當年通過算賬,陳云認為寶鋼需要200億投資,5年平均每年40億上下,“我們的財力物力是能夠勝任的,是能夠建設好的”,但如果建成幾個甚至一年建成一個“顯然是辦不到的”,“如果要一年建成一個寶鋼這樣的大項目,那就占了我們一年多的全部基建投資的金額;如果同時要建成兩個三個,非但所要建的大項目建不成,而且把其他的必需資金全部都擠光了也還不夠”。寶鋼定了以后,其他項目也根據具體情況,按照國力可能、根據輕重緩急逐個進行了調整,解決了大型基建項目“一擁而上”造成的困局,實現了先穩住陣地再前進的要求。

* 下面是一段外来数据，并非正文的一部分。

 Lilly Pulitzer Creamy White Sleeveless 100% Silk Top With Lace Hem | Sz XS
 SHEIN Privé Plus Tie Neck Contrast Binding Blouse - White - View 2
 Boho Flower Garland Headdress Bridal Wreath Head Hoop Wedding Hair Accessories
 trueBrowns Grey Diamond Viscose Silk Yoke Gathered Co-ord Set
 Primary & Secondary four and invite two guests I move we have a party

“我們做工作,要用百分之九十以上的時間研究情況,用不到百分之十的時間決定政策。所有正確的政策,都是根據對實際情況的科學分析而來的。”陳云把調查研究的重要性必要性體悟到了極致,畢生孜孜踐行不止。
江澤民同志曾指出:“陳云同志從實踐的切身體驗中總結出來的‘不唯上、不唯書、只唯實,交換、比較、反復’,是一個充滿唯物辯證法的領導原則和工作方法,是對馬克思主義哲學和黨的思想路線的重要貢獻。”
胡錦濤同志曾指出:“陳云同志善于調查研究,腳踏實地工作,反對虛夸浮躁、急功近利。他從不發表空泛的議論,每講一個問題,必定經過深入調查和周密思考,算大賬高瞻遠矚,算小賬明察秋毫。”

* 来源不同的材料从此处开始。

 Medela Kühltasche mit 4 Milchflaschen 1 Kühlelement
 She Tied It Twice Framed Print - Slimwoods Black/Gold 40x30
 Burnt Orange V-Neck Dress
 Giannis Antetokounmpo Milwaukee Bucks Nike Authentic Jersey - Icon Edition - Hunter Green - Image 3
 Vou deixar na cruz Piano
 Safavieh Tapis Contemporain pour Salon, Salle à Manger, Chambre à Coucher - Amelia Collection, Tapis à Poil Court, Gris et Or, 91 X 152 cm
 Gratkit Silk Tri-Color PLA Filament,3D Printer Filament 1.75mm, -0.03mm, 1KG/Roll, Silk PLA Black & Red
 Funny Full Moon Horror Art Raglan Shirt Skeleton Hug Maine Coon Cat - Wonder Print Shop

今年4月10日,在北京八寶山革命公墓簡樸舉行的紀念陳云同志逝世28周年活動上,中國社會科學院原副院長朱佳木指出:“不久前,中央又決定在全黨大興調查研究,并在工作方案中引用了陳云同志‘十五字訣’中的‘不唯上、不唯書、只唯實’九個大字”。“這說明,陳云同志的一貫主張,得到了越來越多人的理解、認同和贊成,正在不斷化作人們的實際行動。這對于陳云同志來說,同樣不啻為最好的慰藉。”
2023.4.23
作者簡介:熊國平,男,經濟學博士,先后在國家核心刊物發表政治、經濟論文,出版專著《中國加速轉型時期的金融發展》《創新與融合——珠三角金融發展研究》《網群結構——21世紀組織的嬗變》。